Work to be completed: Return the records exactly as they stand, and keep the pictures out of the copy.

Input data:

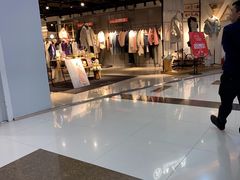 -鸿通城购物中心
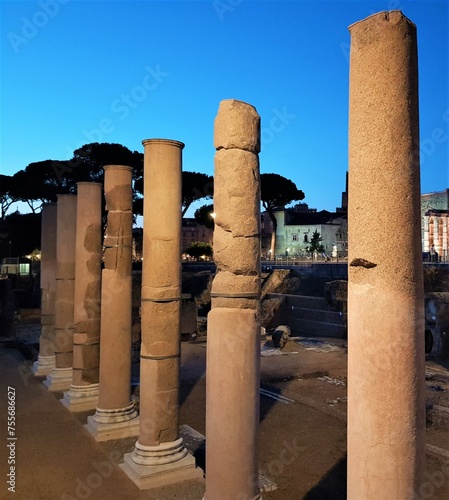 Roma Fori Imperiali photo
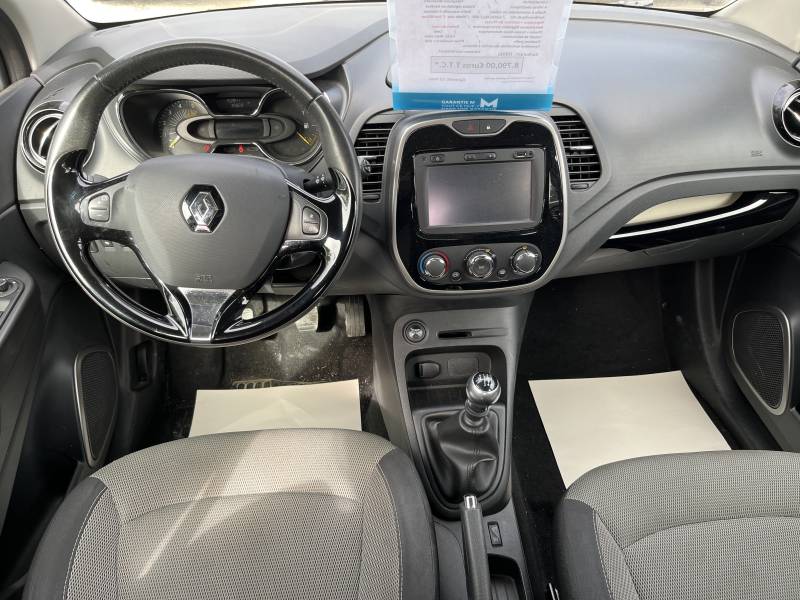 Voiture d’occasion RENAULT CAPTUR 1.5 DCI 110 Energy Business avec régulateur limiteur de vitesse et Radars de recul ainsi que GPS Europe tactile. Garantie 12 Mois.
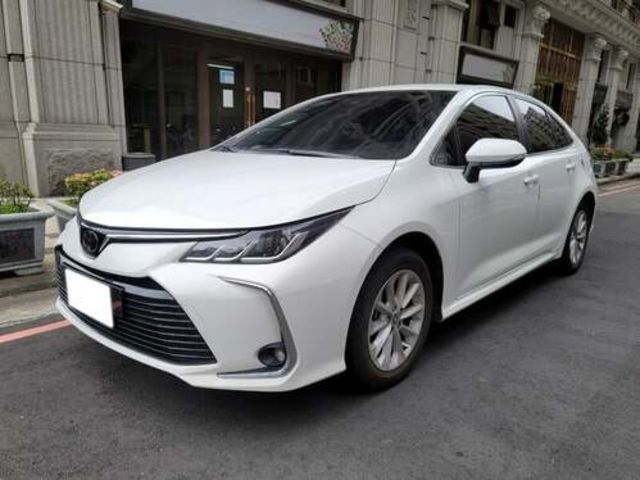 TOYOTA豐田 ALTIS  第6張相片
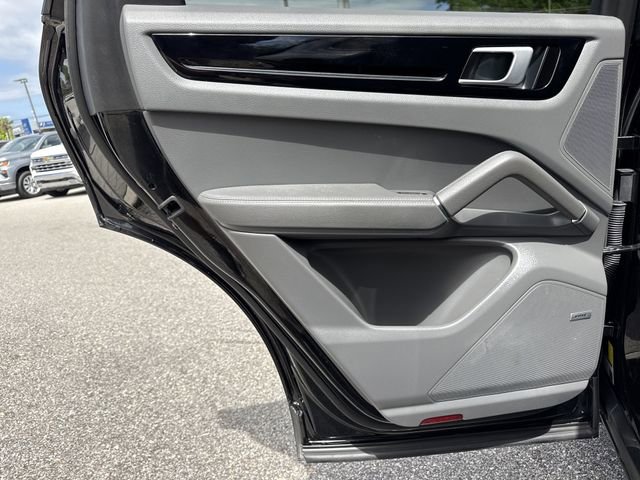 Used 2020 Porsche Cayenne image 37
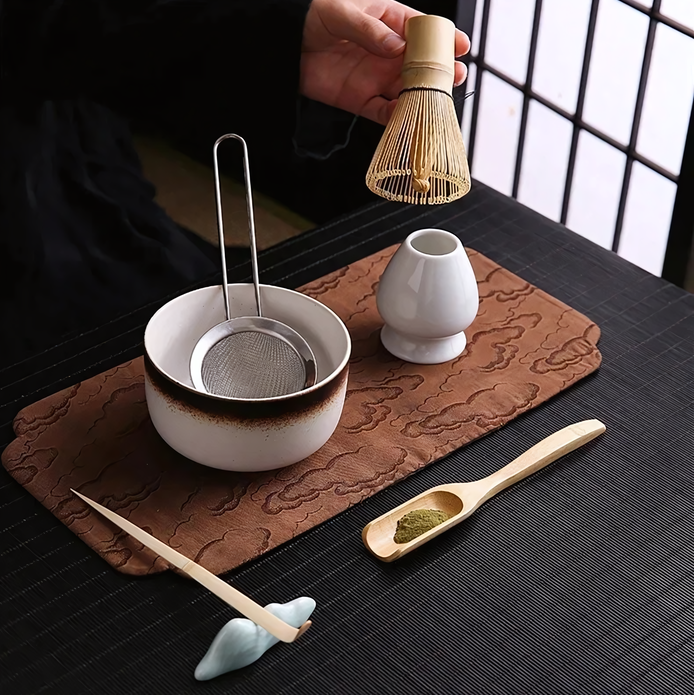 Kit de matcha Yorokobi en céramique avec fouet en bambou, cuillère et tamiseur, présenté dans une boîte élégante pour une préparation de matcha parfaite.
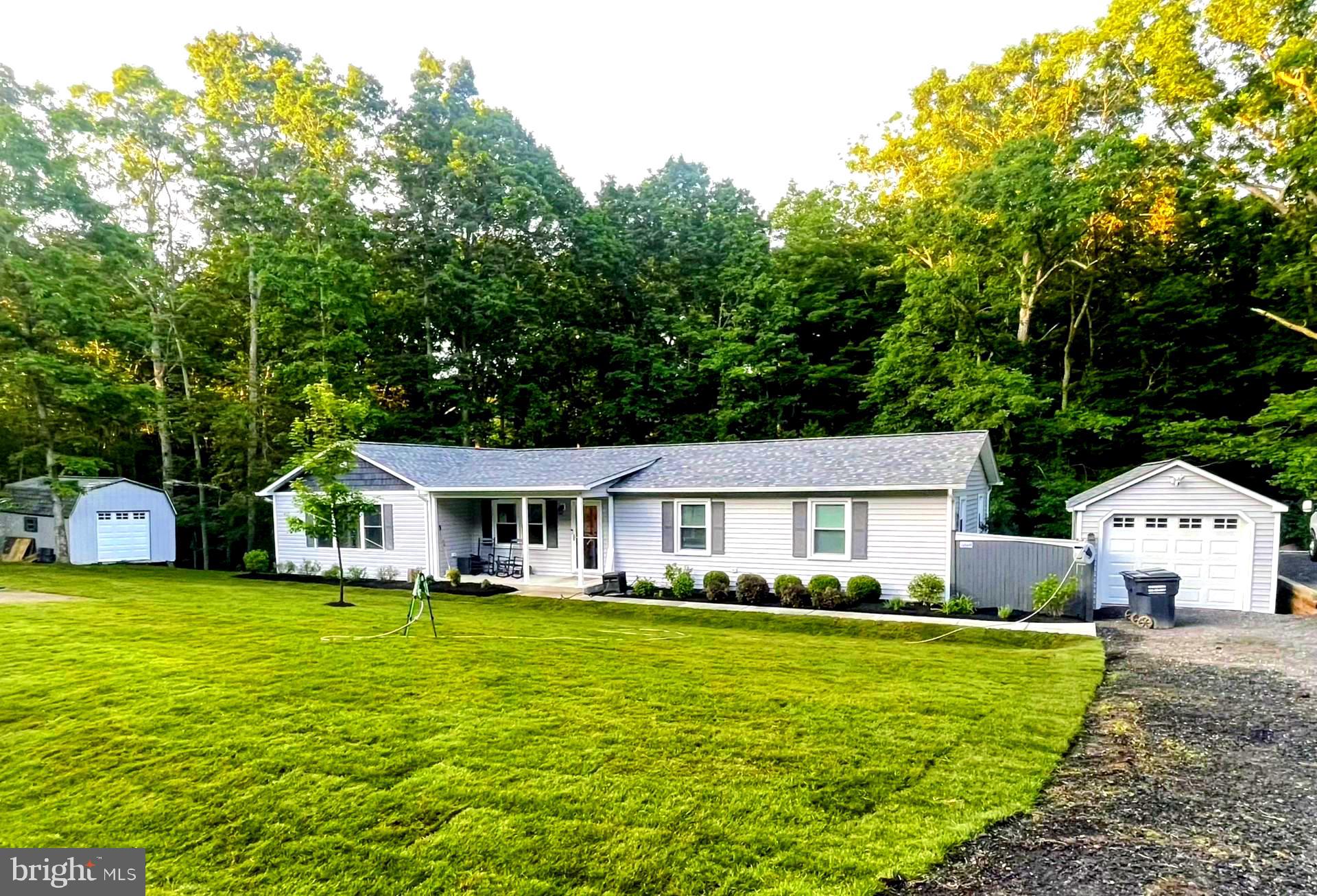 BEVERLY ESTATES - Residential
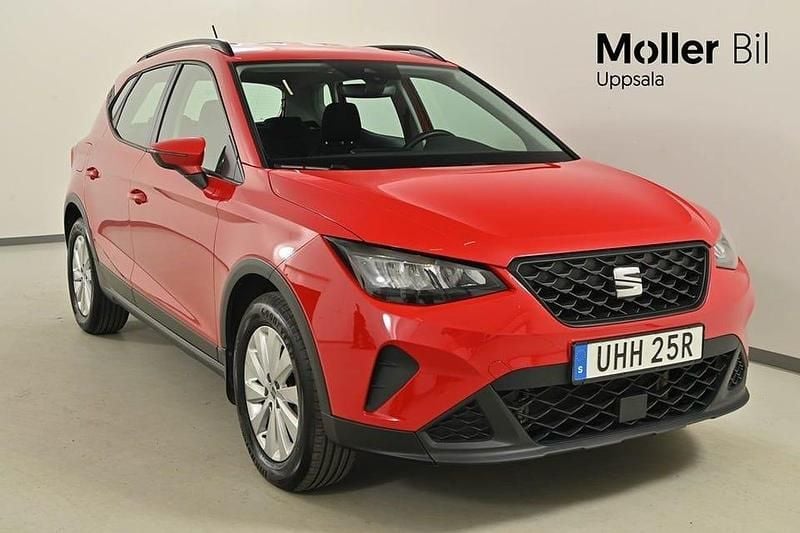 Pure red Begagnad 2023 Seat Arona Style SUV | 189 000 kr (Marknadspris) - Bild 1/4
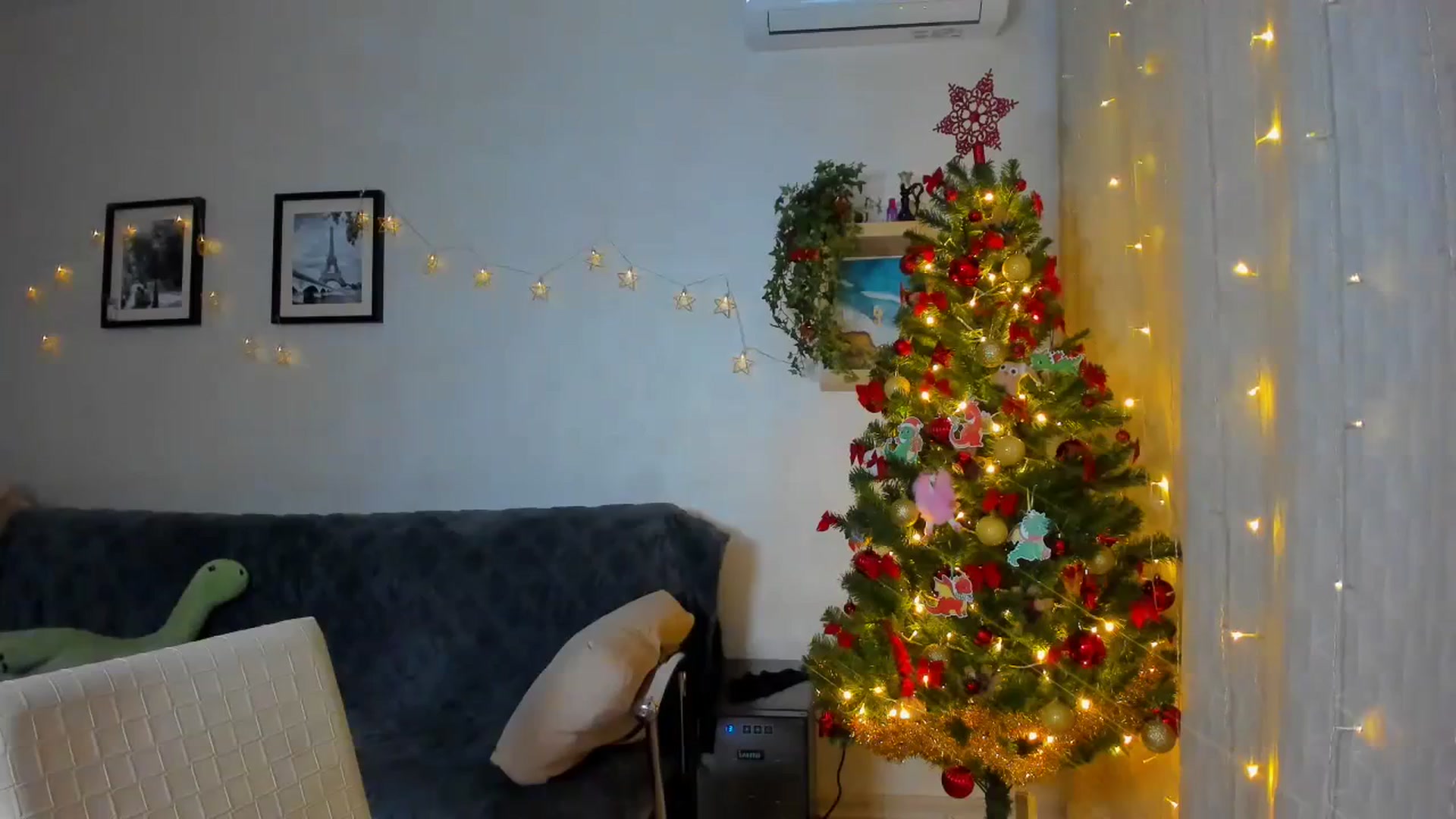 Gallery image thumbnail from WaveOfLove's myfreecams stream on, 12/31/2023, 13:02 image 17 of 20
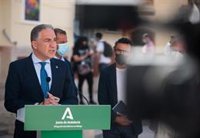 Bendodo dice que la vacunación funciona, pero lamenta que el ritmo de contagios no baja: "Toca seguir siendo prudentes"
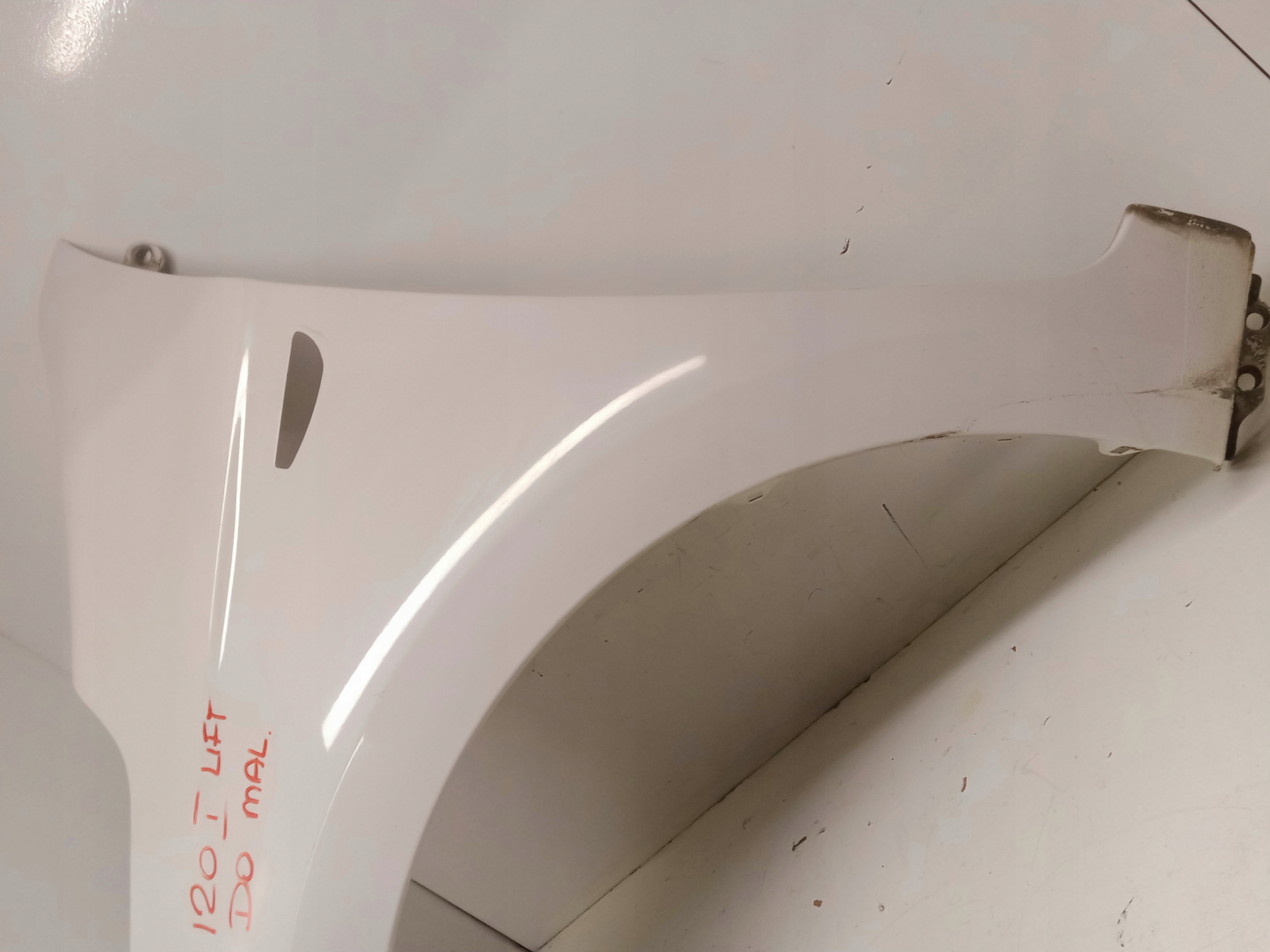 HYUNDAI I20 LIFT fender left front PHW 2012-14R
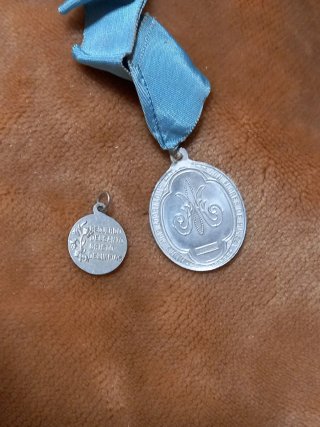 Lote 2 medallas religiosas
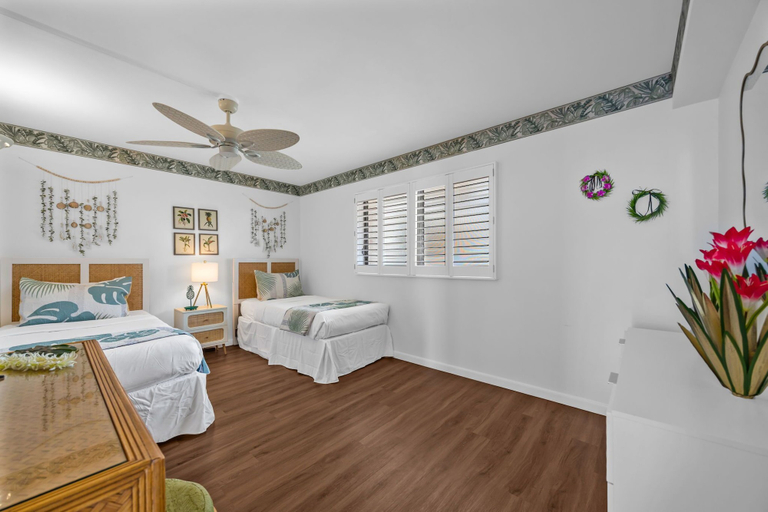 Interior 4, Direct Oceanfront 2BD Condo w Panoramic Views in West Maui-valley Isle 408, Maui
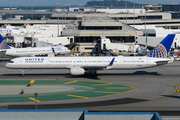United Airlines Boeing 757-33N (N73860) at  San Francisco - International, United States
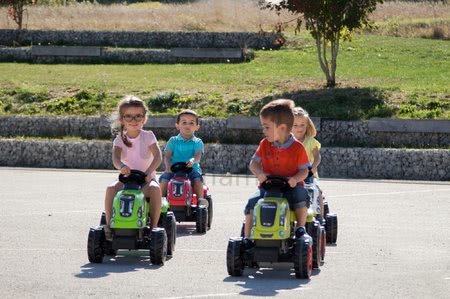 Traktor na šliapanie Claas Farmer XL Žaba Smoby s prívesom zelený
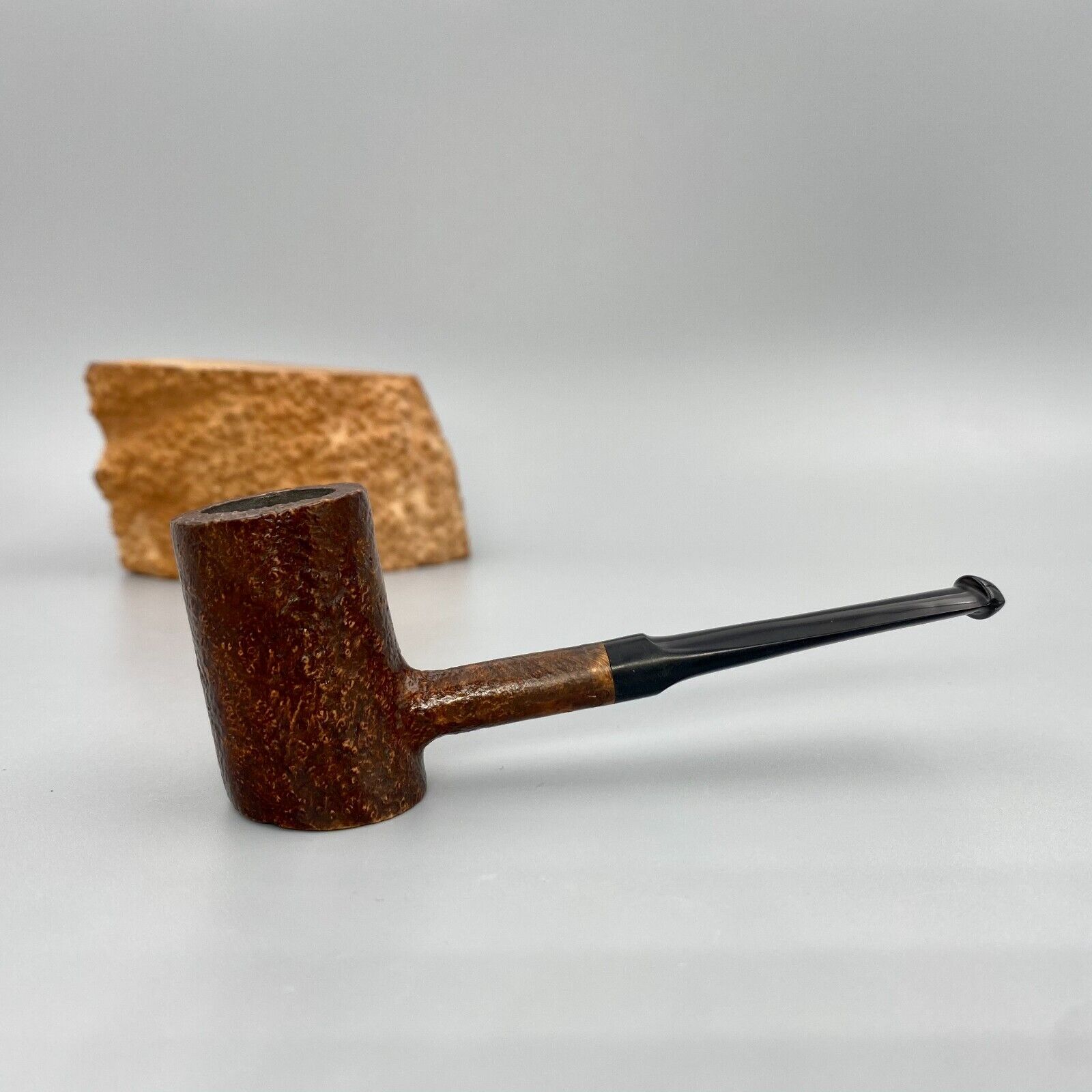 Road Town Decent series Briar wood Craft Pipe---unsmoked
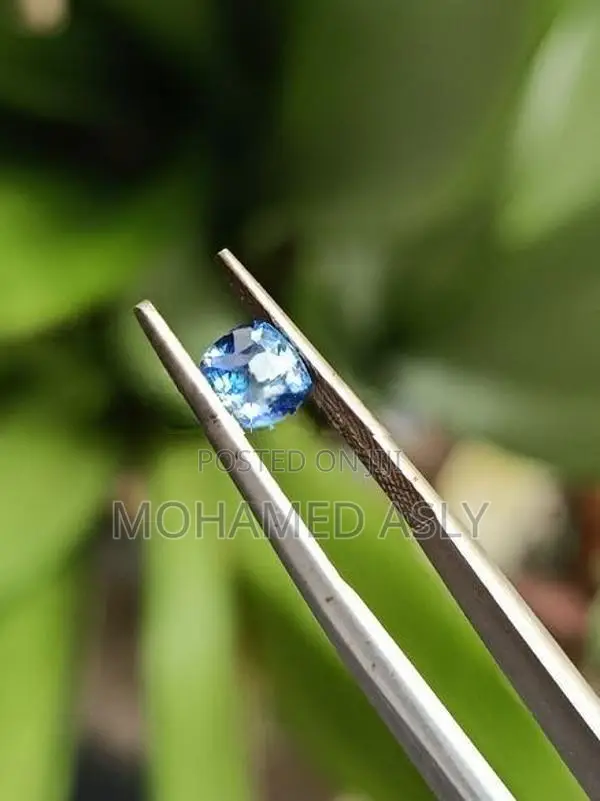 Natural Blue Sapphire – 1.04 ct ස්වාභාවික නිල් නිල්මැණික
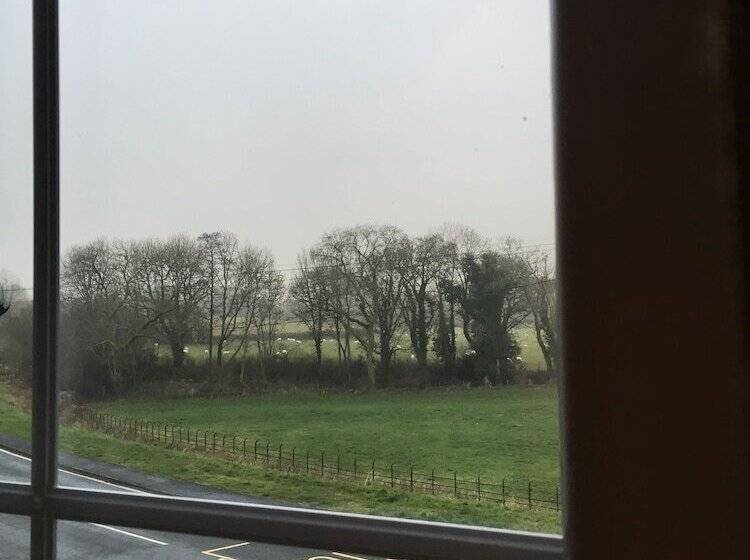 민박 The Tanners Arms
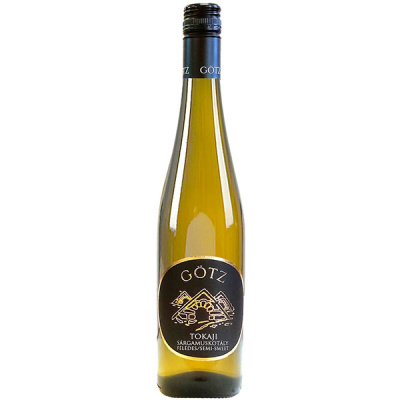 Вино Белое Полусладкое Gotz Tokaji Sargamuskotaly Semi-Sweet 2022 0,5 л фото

Expected answer:
 -鸿通城购物中心
 Roma Fori Imperiali photo
 Voiture d’occasion RENAULT CAPTUR 1.5 DCI 110 Energy Business avec régulateur limiteur de vitesse et Radars de recul ainsi que GPS Europe tactile. Garantie 12 Mois.
 TOYOTA豐田 ALTIS  第6張相片
 Used 2020 Porsche Cayenne image 37
 Kit de matcha Yorokobi en céramique avec fouet en bambou, cuillère et tamiseur, présenté dans une boîte élégante pour une préparation de matcha parfaite.
 BEVERLY ESTATES - Residential
 Pure red Begagnad 2023 Seat Arona Style SUV | 189 000 kr (Marknadspris) - Bild 1/4
 Gallery image thumbnail from WaveOfLove's myfreecams stream on, 12/31/2023, 13:02 image 17 of 20
 Bendodo dice que la vacunación funciona, pero lamenta que el ritmo de contagios no baja: "Toca seguir siendo prudentes"
 HYUNDAI I20 LIFT fender left front PHW 2012-14R
 Lote 2 medallas religiosas
 Interior 4, Direct Oceanfront 2BD Condo w Panoramic Views in West Maui-valley Isle 408, Maui
United Airlines Boeing 757-33N (N73860) at  San Francisco - International, United States
 Traktor na šliapanie Claas Farmer XL Žaba Smoby s prívesom zelený
 Road Town Decent series Briar wood Craft Pipe---unsmoked
 Natural Blue Sapphire – 1.04 ct ස්වාභාවික නිල් නිල්මැණික
 민박 The Tanners Arms
 Вино Белое Полусладкое Gotz Tokaji Sargamuskotaly Semi-Sweet 2022 0,5 л фото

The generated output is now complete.